- _EXERCISE_:
The records below are to be reproduced exactly, with every picture left out.

_____

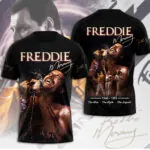 Freddie Mercury 3D Apparel – MAITM14118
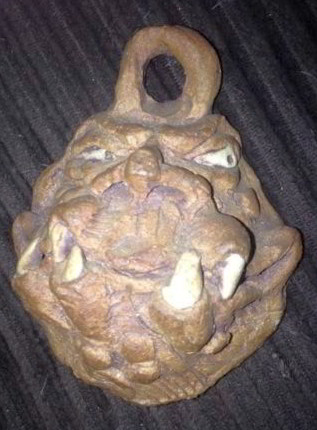 Hanging Gargoyle Face #5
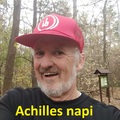 Achilles-napi futások - 4 nap 50 km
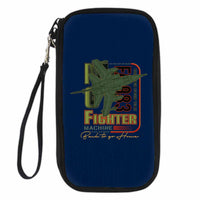 Thumbnail for Fighter Machine Designed Travel Cases & Wallets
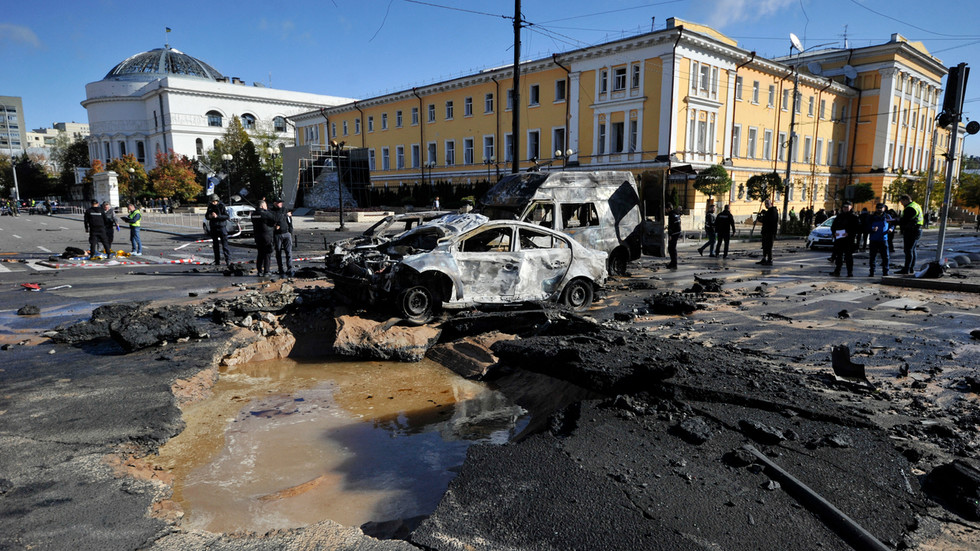 Russian MOD comments on results of strikes in Ukraine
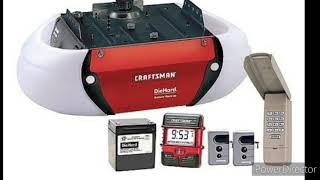 programacion del Motor craftsman DieHard Battery Backup [upl. by Cinnamon]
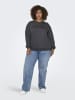 ONLY Carmakoma Sweatshirt in Phantom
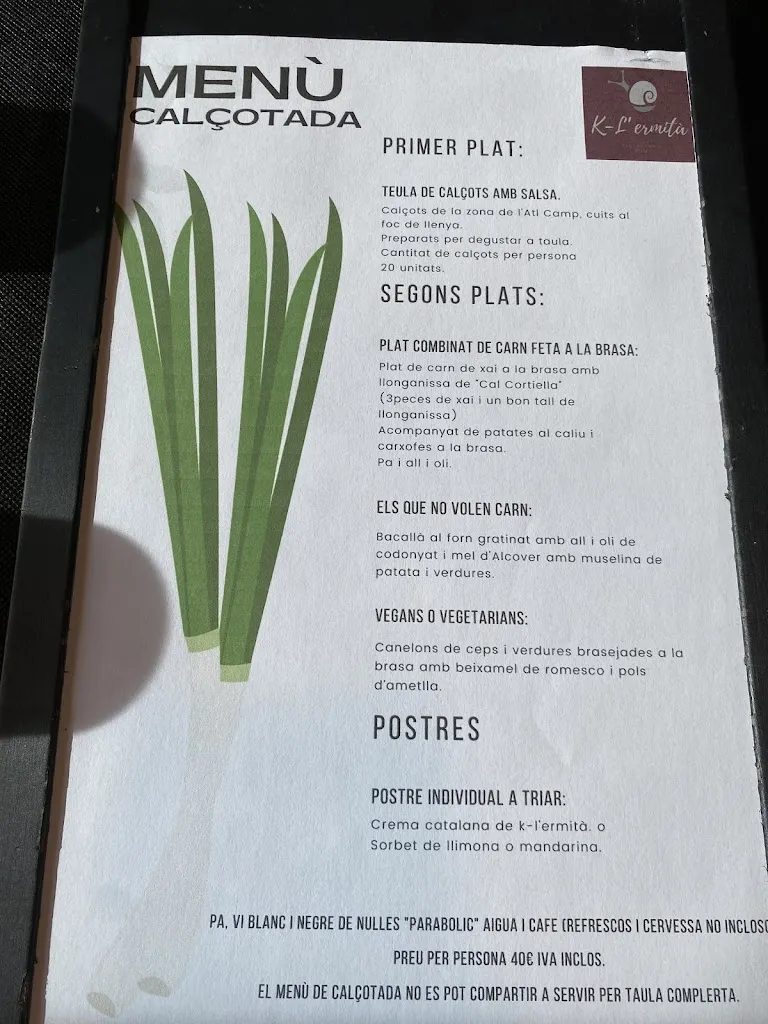 Menu_Restaurant K-l'ermità_Alcover_immagine_2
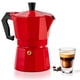 thumbnail image 1 of Cafetera Mixpresso Moka Stove de aluminio, 150 ml, 3 tazas, 1 of 9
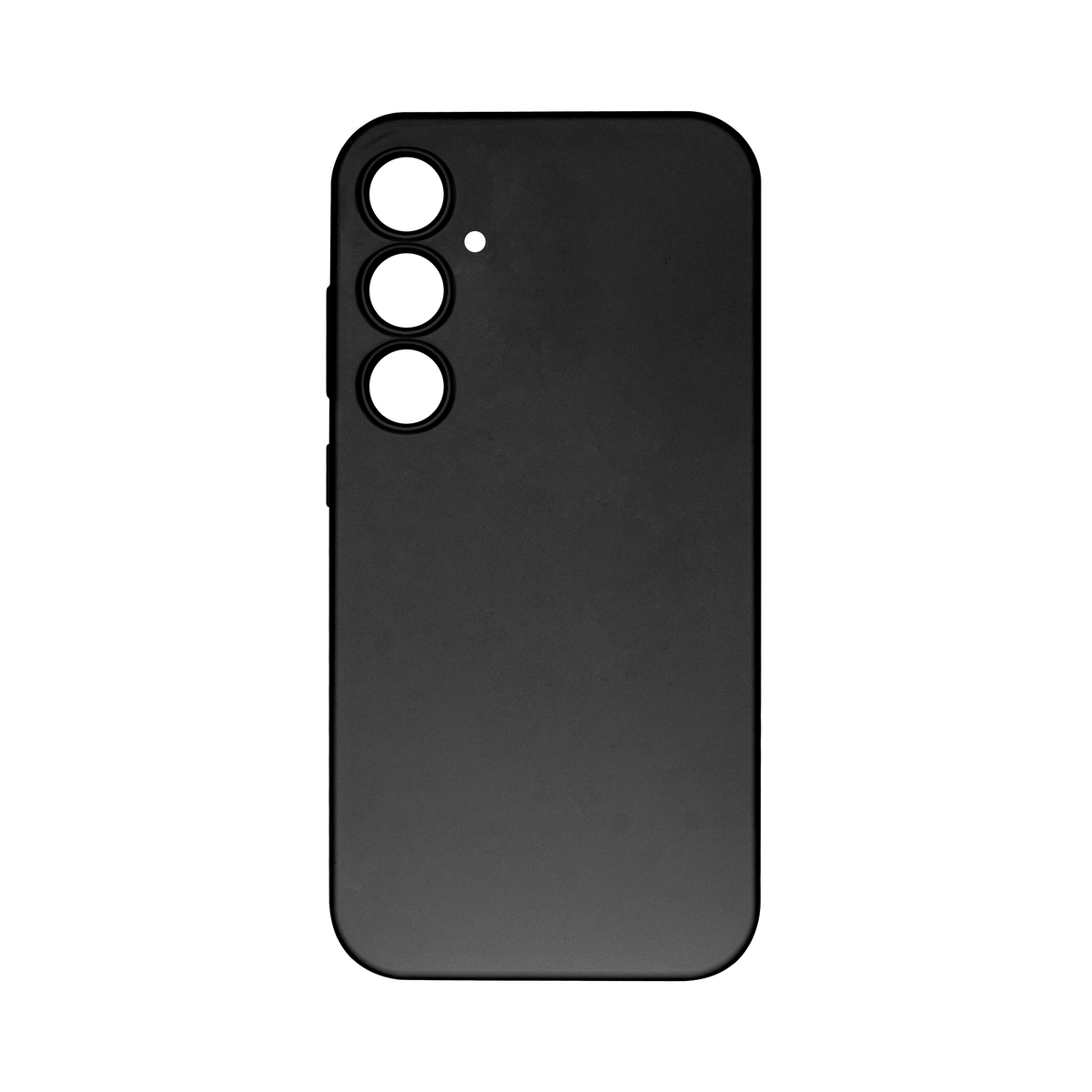 Rixus For Samsung Galaxy S24 Plus 5G S926B Soft TPU Phone Case Black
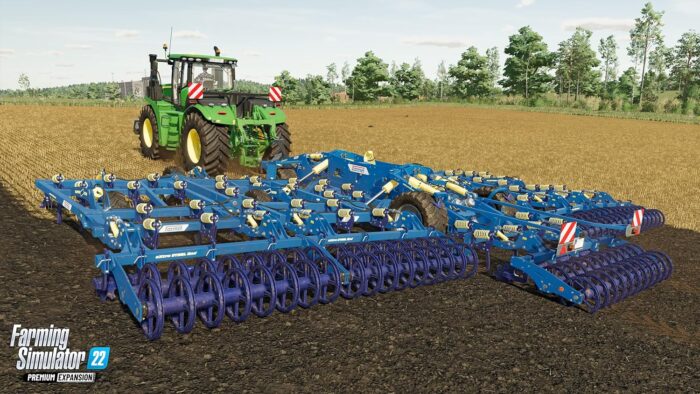 Farming Simulator 22 - Premium Edition (PS4) - immagine 5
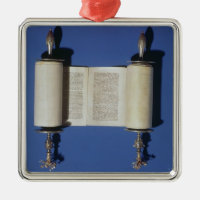 Rouleau miniature de Torah, 1765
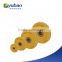 Yellow Buff Wheel with leather for polishing Jewellery machine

_____

- _TASK RESULT_:
 Freddie Mercury 3D Apparel – MAITM14118
 Hanging Gargoyle Face #5
 Achilles-napi futások - 4 nap 50 km
 Thumbnail for Fighter Machine Designed Travel Cases & Wallets
 Russian MOD comments on results of strikes in Ukraine
 programacion del Motor craftsman DieHard Battery Backup [upl. by Cinnamon]
 ONLY Carmakoma Sweatshirt in Phantom
 Menu_Restaurant K-l'ermità_Alcover_immagine_2
 thumbnail image 1 of Cafetera Mixpresso Moka Stove de aluminio, 150 ml, 3 tazas, 1 of 9
 Rixus For Samsung Galaxy S24 Plus 5G S926B Soft TPU Phone Case Black
 Farming Simulator 22 - Premium Edition (PS4) - immagine 5
 Rouleau miniature de Torah, 1765
 Yellow Buff Wheel with leather for polishing Jewellery machine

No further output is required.